The video from Roberts’ camera shows the officer walking up behind Caraway as other officers flank him. A series of shouted police orders ring out over a few seconds. Caraway briefly comes into view either kneeling on the ground or close to it. What he’s doing with his hands is unclear. Then the shooting starts.

The police stream toward Caraway as he screams in pain, the video shows. As police try to slow Caraway’s bleeding, one of the officers tells the wounded man that he should not have reached for his pockets.

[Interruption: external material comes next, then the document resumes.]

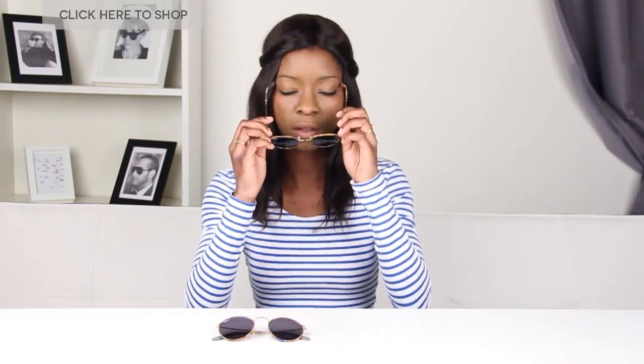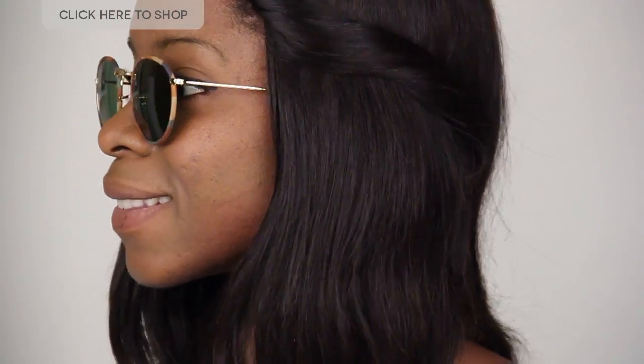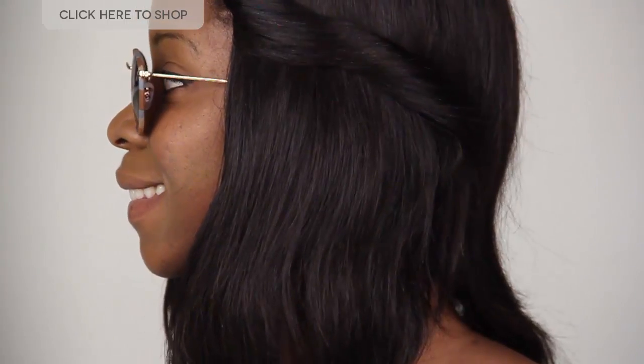I'm going to try on this pair — the brown or green camouflage pair. As we can see, the fabric is brown camouflage and also comes with gold temples and a gold nose bridge. This pair measures 50 millimeters, but you can also find the other sizes — either 52 or 54 millimeters — on our website.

Caraway said he was only following police orders.

State and federal law allows police to use deadly force only if they reasonably perceive an imminent threat of death or serious injury to themselves, other officers or bystanders.

Phil Stinson, a professor of criminal justice at Bowling Green State University and a frequent critic of police tactics, watched the video at the Observer’s request and said it is “inconclusive” whether police used excessive force.

In a statement that accompanied the lawsuit, Littlejohn said the Caraway shooting is another example of police deploying excessive violence against Black citizens.

“Black people in this country are acutely aware of the danger police stops pose to Black lives,” he said.

“Mr. Caraway — a victim of excessive force — is trying his best to cope with the incident and continues to receive treatment for the injuries he sustained.”

Caraway suffered gunshot injuries to his shoulder, chest, neck wrist and at least one finger. Littlejohn said his client still has bullet fragments that he will carry for the rest of his life.